EuGH, Urteil vom 18.7.2013 - C-426/11


Tenor


Art. 3 der Richtlinie 2001/23/EG des Rates vom 12. März 2001 zur Angleichung der Rechtsvorschriften der Mitgliedstaaten über die Wahrung von Ansprüchen der Arbeitnehmer beim Übergang von Unternehmen, Betrieben oder Unternehmens- oder Betriebsteilen ist dahin auszulegen, dass er es einem Mitgliedstaat verwehrt, vorzusehen, dass im Fall eines Unternehmensübergangs die Klauseln, die dynamisch auf nach dem Zeitpunkt des Übergangs verhandelte und abgeschlossene Kollektivverträge verweisen, gegenüber dem Erwerber durchsetzbar sind, wenn dieser nicht die Möglichkeit hat, an den Verhandlungen über diese nach dem Übergang abgeschlossenen Kollektivverträge teilzunehmen.


Aus den Gründen


1. Das Vorabentscheidungsersuchen betrifft die Auslegung von Art. 3 der Richtlinie 2001/23/EG des Rates vom 12. März 2001 zur Angleichung der Rechtsvorschriften der Mitgliedstaaten über die Wahrung von Ansprüchen der Arbeitnehmer beim Übergang von Unternehmen, Betrieben oder Unternehmens- oder Betriebsteilen (ABl. L 82, S. 16).

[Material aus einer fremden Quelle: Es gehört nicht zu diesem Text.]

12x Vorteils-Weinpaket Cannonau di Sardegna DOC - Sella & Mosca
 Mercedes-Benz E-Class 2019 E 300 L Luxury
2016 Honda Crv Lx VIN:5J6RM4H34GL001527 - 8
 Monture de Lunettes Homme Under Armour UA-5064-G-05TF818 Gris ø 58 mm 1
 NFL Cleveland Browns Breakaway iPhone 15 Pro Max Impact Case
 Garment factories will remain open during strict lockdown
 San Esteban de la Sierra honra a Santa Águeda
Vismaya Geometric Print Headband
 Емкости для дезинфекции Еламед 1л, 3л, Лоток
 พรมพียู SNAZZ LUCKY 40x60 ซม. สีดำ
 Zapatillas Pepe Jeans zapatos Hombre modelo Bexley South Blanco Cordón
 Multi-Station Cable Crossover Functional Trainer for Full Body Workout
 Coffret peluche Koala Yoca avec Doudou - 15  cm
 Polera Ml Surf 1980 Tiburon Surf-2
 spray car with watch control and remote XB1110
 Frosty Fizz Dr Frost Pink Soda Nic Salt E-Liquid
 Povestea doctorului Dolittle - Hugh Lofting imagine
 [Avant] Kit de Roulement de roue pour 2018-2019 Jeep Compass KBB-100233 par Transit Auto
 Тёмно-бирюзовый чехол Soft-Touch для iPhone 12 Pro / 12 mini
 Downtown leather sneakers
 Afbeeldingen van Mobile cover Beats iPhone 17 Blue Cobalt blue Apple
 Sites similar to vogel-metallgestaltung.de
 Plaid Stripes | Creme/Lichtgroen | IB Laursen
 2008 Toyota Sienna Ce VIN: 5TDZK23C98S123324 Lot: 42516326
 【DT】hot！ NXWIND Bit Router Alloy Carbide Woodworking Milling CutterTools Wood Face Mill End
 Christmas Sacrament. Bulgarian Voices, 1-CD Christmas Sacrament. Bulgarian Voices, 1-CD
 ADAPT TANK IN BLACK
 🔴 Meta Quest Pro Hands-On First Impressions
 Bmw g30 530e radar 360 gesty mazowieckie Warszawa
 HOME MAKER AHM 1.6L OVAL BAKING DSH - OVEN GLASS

2. Dieses Ersuchen ergeht im Rahmen eines Rechtsstreits zwischen Herrn Alemo-Herron u. a. einerseits und der Parkwood Leisure Ltd (im Folgenden: Parkwood) andererseits über die Anwendung eines Kollektivvertrags.



Rechtlicher Rahmen



Unionsrecht



3. Die Richtlinie 2001/23 kodifiziert die Richtlinie 77/187/EWG des Rates vom 14. Februar 1977 zur Angleichung der Rechtsvorschriften der Mitgliedstaaten über die Wahrung von Ansprüchen der Arbeitnehmer beim Übergang von Unternehmen, Betrieben oder Unternehmens- oder Betriebsteilen (ABl. L 61, S. 26) in der durch die Richtlinie 98/50/EG des Rates vom 29. Juni 1998 (ABl. L 201, S. 88) geänderten Fassung (im Folgenden: Richtlinie 77/187).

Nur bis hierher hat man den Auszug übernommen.